A timely new look at coexisting without assimilating in multicultural cities


If city life is a “being together of strangers,” what forms of being together should we strive for in cities with ethnic and racial diversity? Everyday Equalities seeks evidence of progressive political alternatives to racialized inequality that are emerging from everyday encounters in Los Angeles, Melbourne, Sydney, and Toronto—settler colonial cities that, established through efforts to dispossess and eliminate indigenous societies, have been destinations for waves of immigrants from across the globe ever since. 

Everyday Equalities finds such alternatives being developed as people encounter one another in the process of making a home, earning a living, moving around the city, and forming collective actions or communities.

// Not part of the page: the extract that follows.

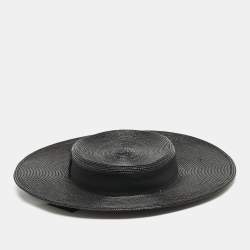Saint Laurent Paris Black Straw Chapeau Grand Canotier Hat M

Here four leading scholars in critical urban geography come together to deliver a powerful and cohesive message about the meaning of equality in contemporary cities. Drawing on both theoretical reflection and urban ethnographic research, they offer the formulation “being together in difference as equals” as a normative frame to reimagine the meaning and pursuit of equality in today’s urban multicultures. 

As the examples in Everyday Equalities indicate, much emotional labor, combined with a willingness to learn from each other, negotiate across differences, and agitate for change goes into constructing environments that foster being together in difference as equals. Importantly, the authors argue, a commitment to equality is not only a hope for a future city but also a way of being together in the present.